Собирая воедино «письма жизни», человек имеет возможность узнать далеких близких, а также открыть себя во взаимодействии со значимыми Другими. Вместе с тем не все визуальные репрезентации сохраняются и не все члены семьи представлены в семейных альбомах. Фотографии могут утрачиваться безвозвратно по разным причинам, порождая контексты отсутствия, тишины, неизвестности и пустоты, но могут быть и осознанно изъяты из семейной памяти в связи с нарушением кем-то семейных ценностей или границ. Как пишет В. В. Нуркова, семейные альбомы умалчивают о девиантных судьбах [18]. Если человек отбирает и помещает свою фотографию в семейный альбом, то она приобретает статус личного документа становления и формирования идентичности личности; если берется фотография другого члена семьи, то это означает наличие позитивного эмоционально-ценностного отношения к нему представителей семейной системы разных поколений или отражение значимого контекста его достижений и заслуг. Соответственно, семейный альбом можно позиционировать как совокупность визуальных репрезентаций, отражающих событийный план семьи и ее «рассказы о жизни», способ воссоздания и трансляции «опыта желаемого» [19], конструирование «жизни внутри жизни» [20].

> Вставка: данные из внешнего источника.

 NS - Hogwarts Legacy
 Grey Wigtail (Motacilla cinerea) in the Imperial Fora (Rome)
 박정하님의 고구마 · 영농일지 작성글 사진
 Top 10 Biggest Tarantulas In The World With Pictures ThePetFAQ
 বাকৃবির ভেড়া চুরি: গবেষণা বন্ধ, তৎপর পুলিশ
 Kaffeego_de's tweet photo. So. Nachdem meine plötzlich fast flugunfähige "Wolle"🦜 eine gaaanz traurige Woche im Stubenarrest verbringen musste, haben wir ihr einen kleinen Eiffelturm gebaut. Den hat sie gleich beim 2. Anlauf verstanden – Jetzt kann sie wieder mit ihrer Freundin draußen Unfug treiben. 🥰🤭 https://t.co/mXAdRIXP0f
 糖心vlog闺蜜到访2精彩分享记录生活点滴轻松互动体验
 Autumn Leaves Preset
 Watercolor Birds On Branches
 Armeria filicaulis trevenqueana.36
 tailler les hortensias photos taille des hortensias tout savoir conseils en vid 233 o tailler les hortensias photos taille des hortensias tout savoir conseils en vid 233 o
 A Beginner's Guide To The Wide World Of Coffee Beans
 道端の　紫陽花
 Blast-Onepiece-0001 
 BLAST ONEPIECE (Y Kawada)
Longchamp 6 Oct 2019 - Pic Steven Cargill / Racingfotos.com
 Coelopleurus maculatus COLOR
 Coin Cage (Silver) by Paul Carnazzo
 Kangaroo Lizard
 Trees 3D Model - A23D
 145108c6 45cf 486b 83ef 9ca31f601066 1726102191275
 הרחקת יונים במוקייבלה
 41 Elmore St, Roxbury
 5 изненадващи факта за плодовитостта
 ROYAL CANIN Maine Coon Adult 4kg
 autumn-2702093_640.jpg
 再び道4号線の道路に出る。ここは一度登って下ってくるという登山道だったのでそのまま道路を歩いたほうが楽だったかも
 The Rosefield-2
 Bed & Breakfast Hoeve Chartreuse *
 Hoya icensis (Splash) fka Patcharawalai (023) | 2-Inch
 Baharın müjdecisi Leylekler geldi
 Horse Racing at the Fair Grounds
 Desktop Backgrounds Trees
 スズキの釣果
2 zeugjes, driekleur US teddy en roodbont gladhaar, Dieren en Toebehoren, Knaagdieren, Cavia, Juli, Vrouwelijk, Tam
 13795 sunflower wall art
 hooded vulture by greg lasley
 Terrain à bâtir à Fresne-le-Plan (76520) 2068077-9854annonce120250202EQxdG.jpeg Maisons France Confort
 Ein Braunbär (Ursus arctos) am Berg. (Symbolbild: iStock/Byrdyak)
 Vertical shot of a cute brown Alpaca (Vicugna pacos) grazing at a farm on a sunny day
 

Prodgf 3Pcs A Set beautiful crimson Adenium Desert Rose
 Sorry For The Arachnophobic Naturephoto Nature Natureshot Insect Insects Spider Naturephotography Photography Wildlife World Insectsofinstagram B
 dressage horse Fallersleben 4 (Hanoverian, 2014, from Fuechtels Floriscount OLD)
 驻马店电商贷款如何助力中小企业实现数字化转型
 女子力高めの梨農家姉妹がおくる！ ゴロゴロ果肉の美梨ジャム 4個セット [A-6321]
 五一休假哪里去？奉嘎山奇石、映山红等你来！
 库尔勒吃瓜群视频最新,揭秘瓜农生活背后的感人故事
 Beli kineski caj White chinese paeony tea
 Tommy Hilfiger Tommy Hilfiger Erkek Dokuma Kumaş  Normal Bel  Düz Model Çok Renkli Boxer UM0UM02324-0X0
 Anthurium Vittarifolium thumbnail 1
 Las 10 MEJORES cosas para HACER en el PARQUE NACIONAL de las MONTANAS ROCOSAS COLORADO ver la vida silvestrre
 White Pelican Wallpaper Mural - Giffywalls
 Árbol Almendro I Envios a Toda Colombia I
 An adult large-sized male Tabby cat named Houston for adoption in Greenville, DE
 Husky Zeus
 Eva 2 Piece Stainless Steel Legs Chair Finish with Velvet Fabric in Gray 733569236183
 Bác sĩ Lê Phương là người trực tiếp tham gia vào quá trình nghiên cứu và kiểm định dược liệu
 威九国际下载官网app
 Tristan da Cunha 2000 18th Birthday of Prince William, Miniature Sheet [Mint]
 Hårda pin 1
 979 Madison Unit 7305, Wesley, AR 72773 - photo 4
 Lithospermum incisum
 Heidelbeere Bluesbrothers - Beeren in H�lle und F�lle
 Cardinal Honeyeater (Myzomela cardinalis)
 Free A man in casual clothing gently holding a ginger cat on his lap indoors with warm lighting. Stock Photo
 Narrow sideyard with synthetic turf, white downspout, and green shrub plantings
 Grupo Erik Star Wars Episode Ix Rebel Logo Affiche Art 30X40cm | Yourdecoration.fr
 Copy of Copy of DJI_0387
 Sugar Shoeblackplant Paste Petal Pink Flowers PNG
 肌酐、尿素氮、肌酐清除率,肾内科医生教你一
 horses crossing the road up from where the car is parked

Семейный альбом является средством двойной коммеморации. С одной стороны, он хранит
память об абсолютном прошлом, особенностях функционирования семейной системы, значимых Других, их достижениях и техниках самопрезентации, поведенческих моделях и жизненных интересах, «сшивая» разрозненные временные слои и человеческие судьбы. Эта временная «сшивка», соединяющая моменты прошлого и настоящего, позволяет субъекту, рассматривающему фотографии из семейного альбома, свободно перемещаться в направлениях прошлое - настоящее, распознавая близких и далеких Других, угадывая себя в прошлом, укрепляя собственную идентичность через рефлексию единства семьи и эмоциональную сопричастность с нею. С другой стороны, семейный альбом активно вторгается в настоящее, дополняя семейную хронику новыми образами и событиями совсем недавнего прошлого, задавая определенный ценностно-смысловой стандарт помещенным в него визуальным репрезентациям, предъявляя требования к траекториям жизненного пути членов семейной системы в соответствии с портретной галереей предков и моральной преемственностью прошлого. По сути семейный альбом противостоит времени, сохраняя ушедшее прошлое как пребывающее в настоящем, взращивает и укрепляет ценностно-смысловую сферу членов семейной системы, поскольку, как отмечают некоторые исследователи, смыслы в памяти не хранятся, а растут [3, 4].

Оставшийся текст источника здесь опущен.